Not only has he been thinking of running for president at an age close to 80, but he’s also going around giving lachrymose speeches, offering lavish apologies for opinions he once held that actually look pretty good in retrospect.
Take, for example, his stance against school busing in the years after the civil rights bills were passed. The noble intention of busing had been to let blacks attend school in better-funded predominantly white districts. But over time, this gave way to court-ordered migration, in which all students were bused out of their districts until some bureaucrat’s concept of “balance” was reached. It was when white children were bused in to bad schools in crime-ridden areas that their parents started moving en masse into neighboring suburbs. This in turn made cities implode as they lost their tax bases. It also caused a seething resentment of liberal politics that did not recede for some time.
If Biden opposed this, he was wise to have done so. He was also wise to support the Clinton crime bill. Recall that there was an era before Rudy Giuliani saved New York City — back when few people anywhere felt safe on their streets.
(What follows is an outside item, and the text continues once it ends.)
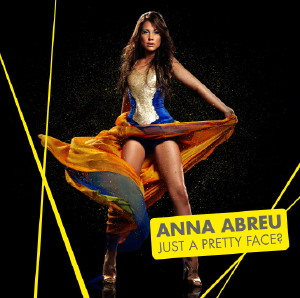 File:Anna Abreu PrettyFace.jpg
Biden also assailed what he described as the “white man’s culture” of the Courts and the Congress, lamenting that he, as chairman of the Senate Judiciary Committee in October 1991, had not done enough to help Anita Hill in her epic battle against Judge Clarence Thomas. He added that in the 30 years or so after that dramatic debacle, “nothing had changed.” He must have forgotten that one of the reasons the Republicans fought so hard to get Thomas on the court was that he would have been (and did become) the first black Republican ever to sit on the court, and only the second black ever to sit on it, following the civil rights lawyer and legend Thurgood Marshall.
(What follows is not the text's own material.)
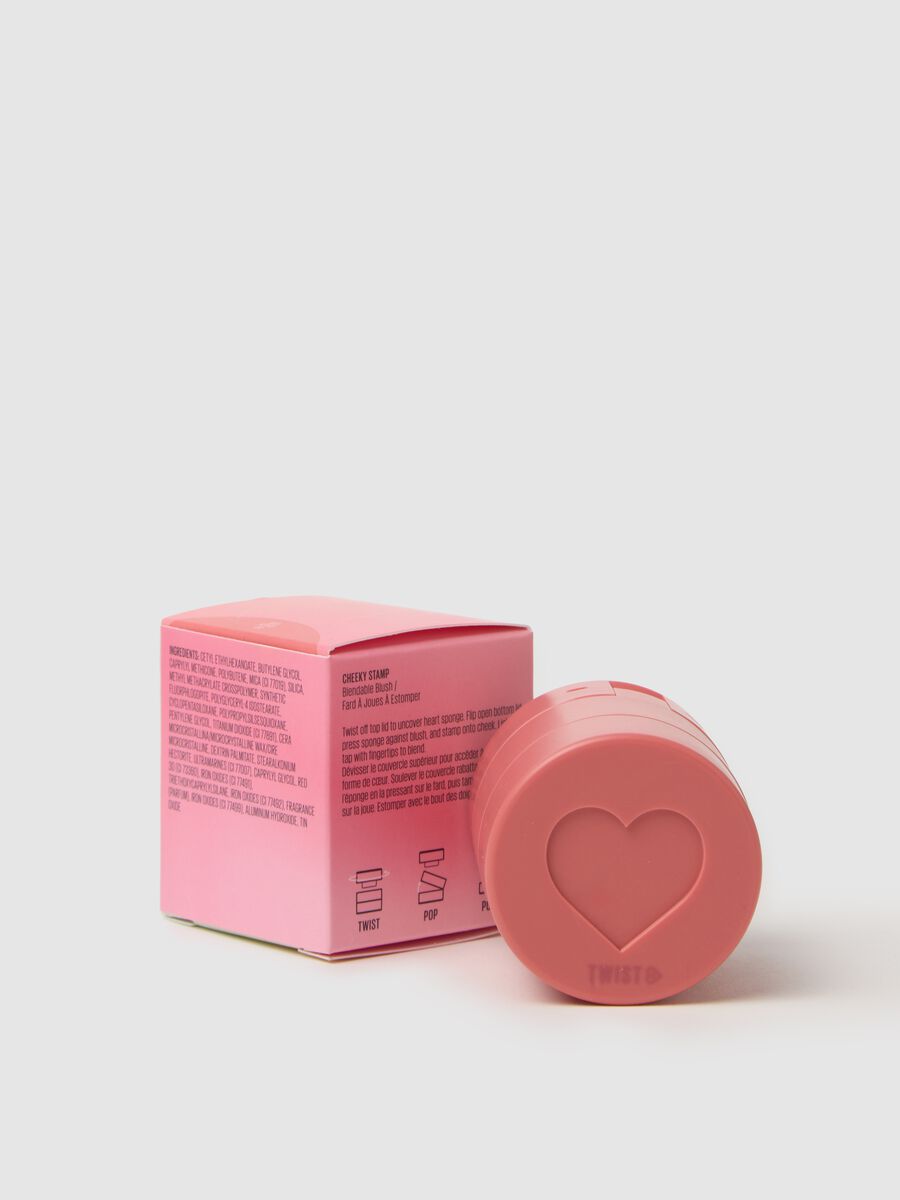 KAJA CHEEKY STAMP 02 SAUCY_2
Instead of trying to uphold the Court’s “white man’s culture,” the Republicans had tried to dilute it. But then, in the eyes of the liberals, no conservative black male or female is ever quite black enough.
It is also untrue that “nothing has changed” for women or blacks in the 30 years since the hearing. Blacks and women now hold places of power and privilege at all levels of government — in the courts, in the House and the Senate, and in the White House. Biden, in spite of his advanced age, might remember that in 2008, we elected our first black president. And this time around, the white males running for president appear to be in the minority, at least at the moment. That certainly represents a change.
As for the Supreme Court, if Biden lamented he hadn’t fought more for Hill, he must have really loved the hearings surrounding the Supreme Court nomination of Justice Brett Kavanaugh last year. No one will ever protest that the Democrats did not try hard enough. Mobs stormed the Capitol, occupying offices, and sitting on floors. Constant outbursts disrupted the hearings. Thousands of death and rape threats were sent to the office of Sen. Susan Collins, R-Maine, who was correctly seen as the critical vote that would swing the whole matter.
When word came that Kavanaugh had been confirmed, protesters screamed, hurled themselves at the walls of the building, and attempted to break down the doors.
If this is Biden’s conception of how to “fight harder,” we can only thank Heaven that Obama served out both of his terms.